Caption-style text data:
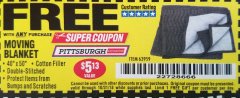 Harbor Freight FREE Coupon 40" X 50" MOVING BLANKET Lot No. 63959 Expired: 10/31/18 - FWP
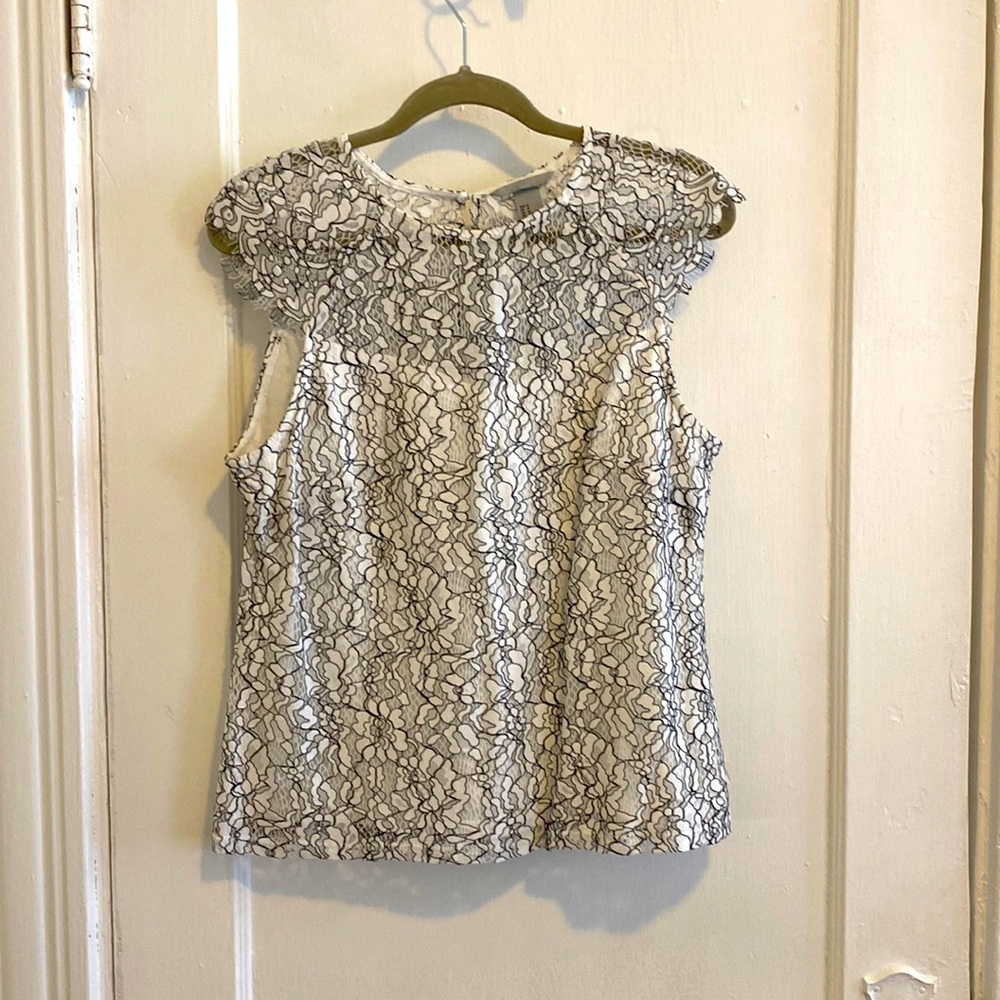Black and white lace top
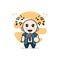 Cute businessman character wearing singer costume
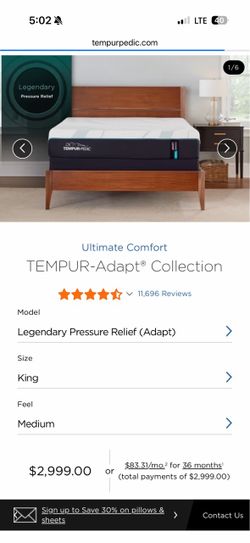 Tempurpedic Mattress - Adapt King (Medium)
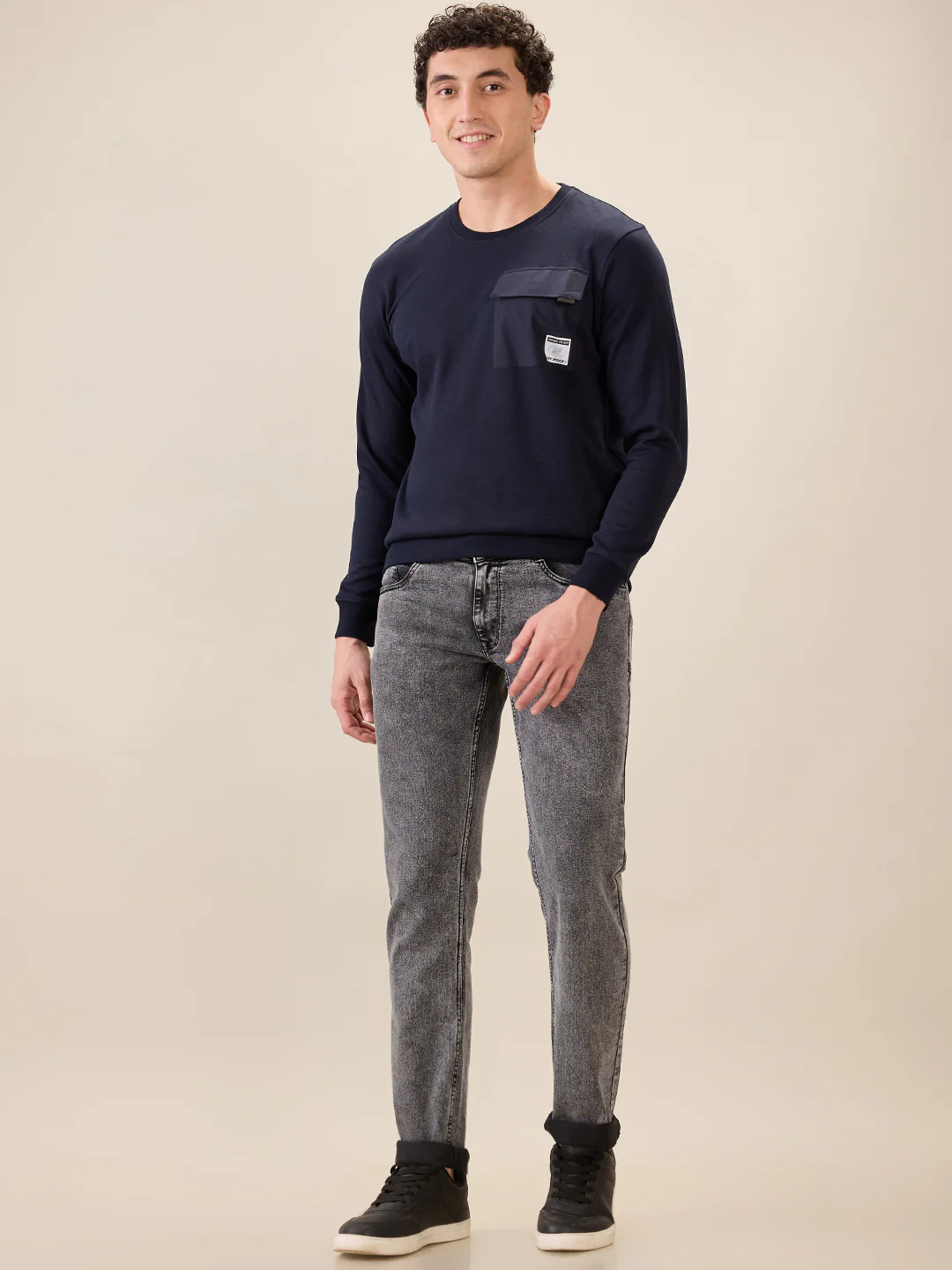 Parx Men Blue Solid Regular Fit Cotton Blend Sweatshirt - Image 5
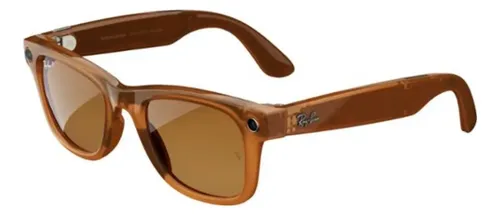 Ray-ban Meta Wayfarer Rw4006 Polarized Shiny Caramel Transparent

The task: Copy exactly the lines that run from the one containing "Parx Men Blue" to the last line of the records, both included, and leave out every picture.

Result below:
 Parx Men Blue Solid Regular Fit Cotton Blend Sweatshirt - Image 5
 Ray-ban Meta Wayfarer Rw4006 Polarized Shiny Caramel Transparent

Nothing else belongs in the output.